先にまとめのスライドを紹介しておきましょう。

淡水魚の体液濃度調節

まず、淡水魚の体液濃度調節について、スライド1にまとめます。

スライド1:淡水魚の体液濃度調節のしくみスライド1:淡水魚の体液濃度調節のしくみ

海水魚の体液濃度調節

次に、海水魚の体液濃度調節について、スライド2にまとめます。

スライド2:海水魚の体液濃度調節のしくみスライド2:海水魚の体液濃度調節のしくみ

これを見てもごちゃごちゃしてよくわからないと思います。実は、このしくみは浸透圧という現象を理解すると、暗記しなくても推察でわかるようになります。

まず、浸透圧を生物基礎レベルで理解しましょう。

浸透圧(生物基礎レベル)

水は、生体膜を介して、低濃度側から高濃度側へ移動します。

生体膜は、半透性と呼ばれる性質をもちます。水分子などのごく小さな分子は生体膜を通過できますが、大きな分子は生体膜を通過することができません。この半透性という性質を簡単な実験で試すと、下のスライド3のようなかんじになります。
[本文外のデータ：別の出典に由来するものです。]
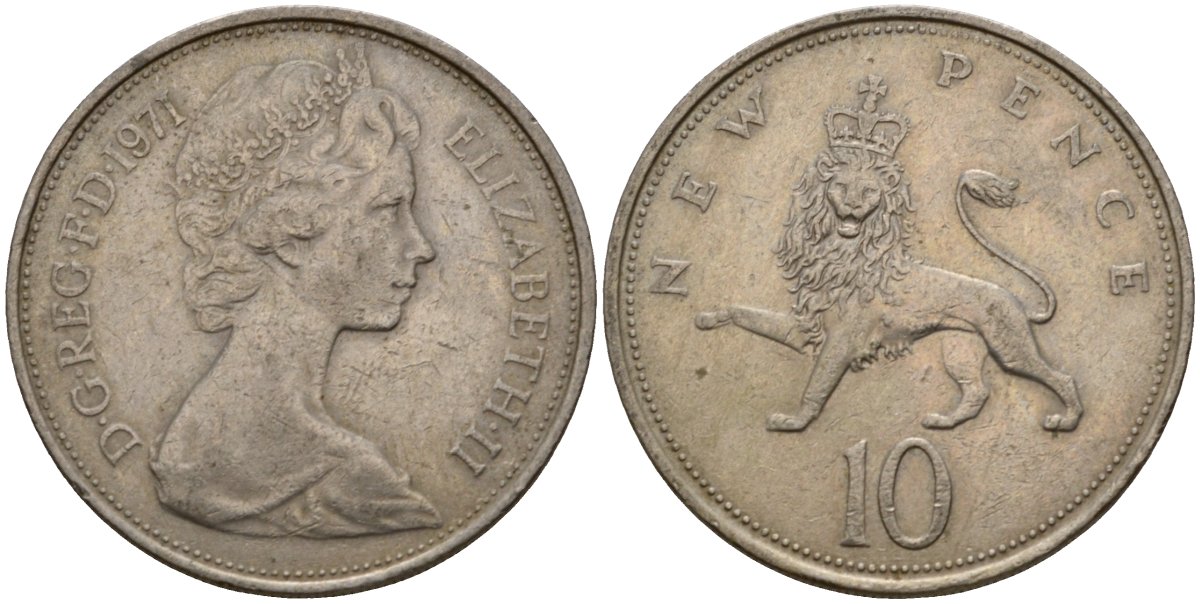 Великобритания 10 пенсов 1971 Елизавета II (1952-2022) KM 912, Spink 4231 (F1) медно-никель 4599-311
スライド3:U字管を用いた浸透の実験スライド3:U字管を用いた浸透の実験

生物基礎レベルでは、浸透圧の細かいところまで理解する必要があるかについては、微妙なところです。取り扱いのある教科書とない教科書があるので、一応学んでおいた方がよいと思います。

水は、半透性を示す生体膜を介して、低濃度から高濃度側へ移動する。この現象を浸透と呼ぶ。

淡水魚の体液濃度調節のイメージ

イメージを、下のスライド4にまとめました。解説は、スライドの下に用意してあります。
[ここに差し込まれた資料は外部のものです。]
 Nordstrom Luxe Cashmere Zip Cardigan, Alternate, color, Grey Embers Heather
スライド4:淡水魚の体液濃度調節のしくみをイメージするスライド4:淡水魚の体液濃度調節のしくみをイメージする

ニュアンスで伝えますが、次のように考えると簡単に理解することができます。

  1. ぼく、淡水魚!
  2. 外界の淡水の方が濃度が低いから、浸透圧で水が体内にたくさん入ってくるの!
  3. 水が体に入ってきて体液濃度が下がりそう! 大変!
  4. でも、えらと腎臓で塩類を吸収するから、体液濃度を維持できるんだ!
  5. 水がたくさん入ってきた分、尿もたくさん出るよ! 腎臓で塩類を吸収してるから、尿の濃度は体液よりも低いよ!

これくらいざっくりな考えで、問題は十分解けます。スライド1の図を暗記するのではなく、この考えの筋道を理解することに努めましょう

海水魚の体液濃度調節のイメージ

イメージを、下のスライド5にまとめました。解説は、スライドの下に用意してあります。
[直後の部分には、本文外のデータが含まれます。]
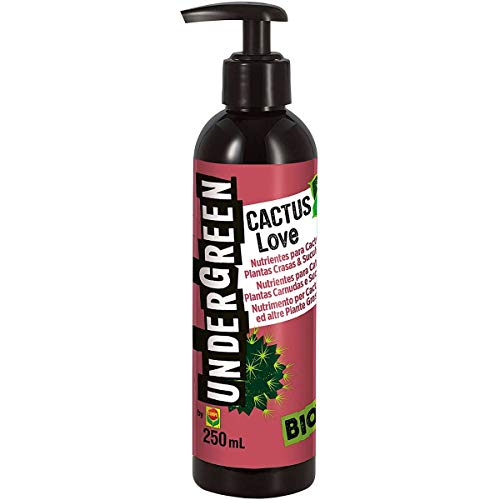 UNDERGREEN Love Nutrientes para Cactus, Plantas crasas y suculentas, Fertilizante líquido Bio, 250 ml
スライド5:海水魚の体液濃度調節のしくみをイメージするスライド5:海水魚の体液濃度調節のしくみをイメージする

海水魚の場合もニュアンスで伝えますが、次のように考えると簡単に理解することができます。

  1. わたし、海水魚!
  2. 外界の海水の方が濃度が高いから、浸透圧で水が体の外にたくさん出るの!
  3. 水が体から出ていっちゃって体液濃度が上がりそう! 大変!
  4. でも、海水を飲んで腸で水をたくさん吸収して、それにえらで塩類を排出するから、体液濃度を保つことができるの!
  5. 尿の量は少しだよ、せっかく吸収した水を排出するのはもったいないもん! ちなみに、尿の濃度は体液と同じくらいの濃度だよ!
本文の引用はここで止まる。